Towards Remote Sensing for Hydrologic Prediction in Ungauged Basins
Jeffrey P. Walker
Earth observing satellites have the potential to revolutionise our understanding and prediction of ungauged basins, but historically remote sensing data has not been widely used in hydrology. Moreover, during the last decade there has been a dramatic increase in the number of hydrologically relevant remote sensing missions. There are four main ways that such remote sensing observations may be used in hydrologic models: (i) as parametric input data, including soil and land cover properties; (ii) as initial condition data, such as initial snow water storage; (iii) as time-varying hydrological flux data to propagate model predictions, such as precipitation and radiation meteorologic forcing data; and (iv) as time-varying hydrologic state or flux data to constrain model predictions, such as soil moisture content or evapotranspiration.

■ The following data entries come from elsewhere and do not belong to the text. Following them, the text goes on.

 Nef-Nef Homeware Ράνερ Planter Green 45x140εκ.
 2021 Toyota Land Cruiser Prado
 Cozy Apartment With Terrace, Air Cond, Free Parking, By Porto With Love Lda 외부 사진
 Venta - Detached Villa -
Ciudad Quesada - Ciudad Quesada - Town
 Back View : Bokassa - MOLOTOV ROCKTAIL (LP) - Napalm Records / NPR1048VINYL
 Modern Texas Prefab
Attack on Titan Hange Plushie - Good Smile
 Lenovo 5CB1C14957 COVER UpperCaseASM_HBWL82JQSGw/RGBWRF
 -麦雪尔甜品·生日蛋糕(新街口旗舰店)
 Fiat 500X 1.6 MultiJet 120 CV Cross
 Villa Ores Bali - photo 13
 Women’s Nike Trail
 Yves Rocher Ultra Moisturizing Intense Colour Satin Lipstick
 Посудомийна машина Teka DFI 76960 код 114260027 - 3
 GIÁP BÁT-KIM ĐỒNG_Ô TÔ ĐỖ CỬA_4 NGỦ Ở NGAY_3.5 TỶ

This paper focuses on the latter and demonstrates how: (i) rootzone soil moisture may be retrieved from AMSR-E near-surface soil moisture; (ii) soil moisture and groundwater may be retrieved from GRACE temporal gravity; (iii) soil moisture and runoff may be retrieved from TOPEX/POSEIDON water level measurements; (iv) snow depth and temperature may be retrieved from MODIS snow cover and AMSR-E snow water equivalent; and v) soil moisture, soil temperature and evapotranspiration may be retrieved from Landsat, MODIS or GOES skin temperature or inferred latent and sensible heat flux. Coordinated field campaigns within gauged catchments have, and will continue to, contribute significantly to advances in use of remote sensing for hydrologic prediction in ungauged basins.